Take a look at Red River Paper (http://www.redrivercatalog.com/). The have some really fine stock that performs well in Epson and Canon printers.


----------



## LouieSherwin (May 14, 2011)

Hi Wayne,

I really like Moab papers. They recently merged with Legion Paper and now also carry the excellent Somerset line too.

I usually purchase from InkJet Art because they have the best prices and huge selection of papers and ink. 

I generally use Inkpress Proofing Matte, about 32 cents for a 13x19 sheet to make my initial prints before going to the expensive art papers.

-louie


----------



## okuma (Jun 17, 2011)

Experiment with different papers.  I use Epson pro in my 3800.
Always use Epson ink in your printer.


----------



## Kimberly Cher Photography (Jun 18, 2011)

you can contact Epson directly and they will send you actual images printed from the new 3800 and 4800 and 9000 series. They print them on different styles, fine art, luster and a couple others. They will send you a 2011 media book too giving you all types of paper that will fit your exact printer and the aprox. cost. Epson has WONDERFUL papers. But the book they send out doesnt have samples of all the papers they have, but you'll get several sent to you by Epson themselves. I want that printer sooo badly, I have the Epson 2200 and that thing is amazing. Ive not printed in forever, I need to turn that thing on and run a few prints to make sure it still works. Been siting for like a year. But, ive seen the prints like I said and you are so lucky to have the ne 3800, the black and whites from that printer are enough to knock your socks off!! you are so lucky! yes, moab sends out every inexpensive paper pack samples (or its free, dont remember) and redriver has TONS of paper and you can buy a bunch of sample types too.


----------



## simonb (Aug 23, 2011)

I have been trying quite a number of photo papers already and have come up with 3 top choices.  Though the glossy hp advanced photo paper are really good, they are bit in the pricey side at $35 for 100 sheets.  

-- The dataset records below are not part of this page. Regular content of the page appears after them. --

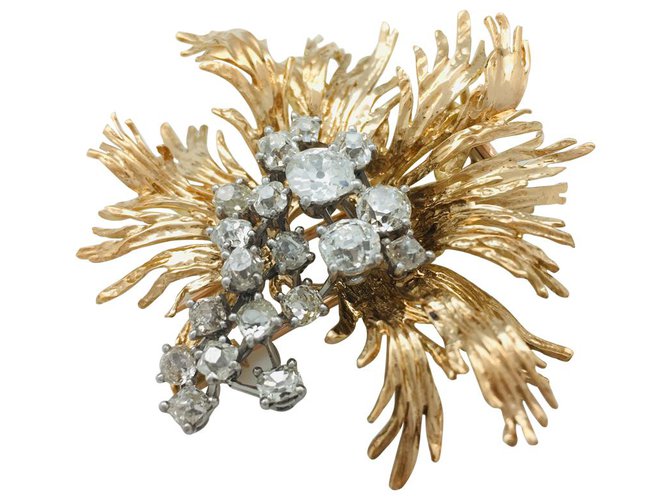 Broche Chaumet en or jaune et platine, diamants.  ref.113078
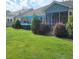 Inviting backyard with a hot tub, lush greenery, and a screened-in porch at 169 Woodbrook Way, Moncks Corner, SC 29461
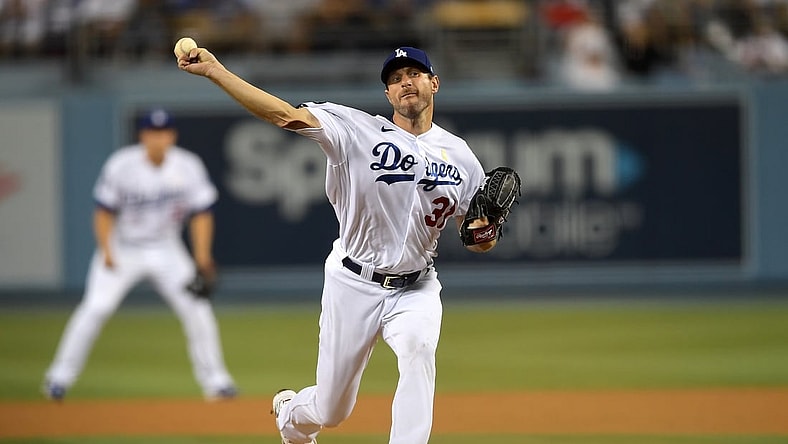 Sep 1, 2021; Los Angeles, California, USA;  Los Angeles Dodgers starting pitcher Max Scherzer (31) pitches in the third inning of the game against the Atlanta Braves at Dodger Stadium. Mandatory Credit: Jayne Kamin-Oncea-USA TODAY Sports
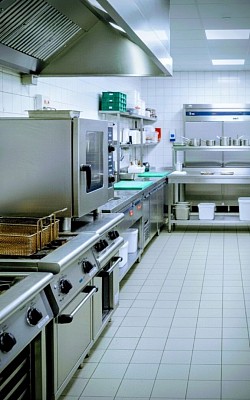 A commercial kitchen cooking devices, stoves and ovens. White tile floor. Stainless steel appliances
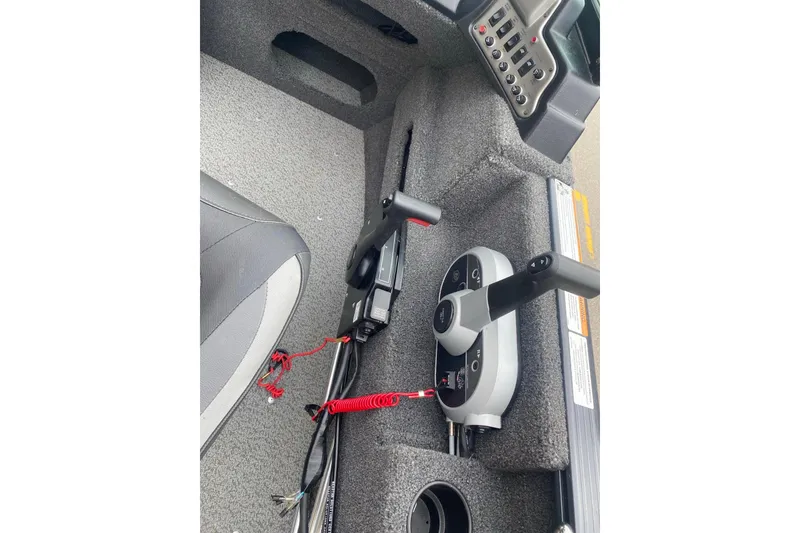 Slide: The Image of 2022 Lund 1675 Adventure Sport boat interior with control panel and seating. - 4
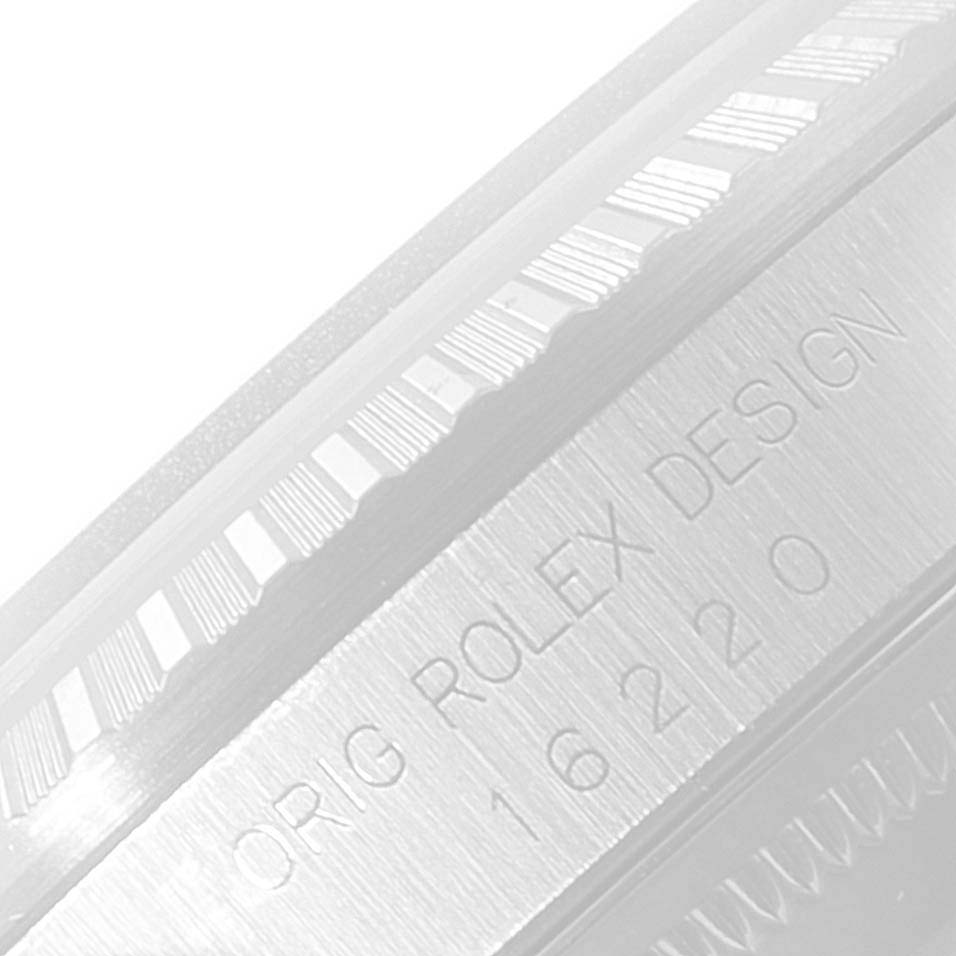 The image shows a close-up of a bezel and engraved text on a Rolex Datejust 16220 Men's Stainless Steel Blue Dial 16220 Men's Stainless Steel Blue Dial watch.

I have used Canon photo paper plus glossy 2 as well and they are quite nice already.  They are tagged at $19 but I was able to get them for under 10 in Amazon once.  Kodak's line also seems to be getting quite good reviews but never got to try them yet.


----------



## johnbeardy (Aug 23, 2011)

Wayne, as you're in the UK, look at Permajet's range, especially the Fibre papers. They supply free printer profiles to customers too.

John


----------



## Big W (Aug 23, 2011)

Thanks Simonb and John, I have tried Epson Own Premium Glosss, and Matt, got some great results. I have had quite a few friends recomend the Permajet range, so going to order some now. 

Wayne


----------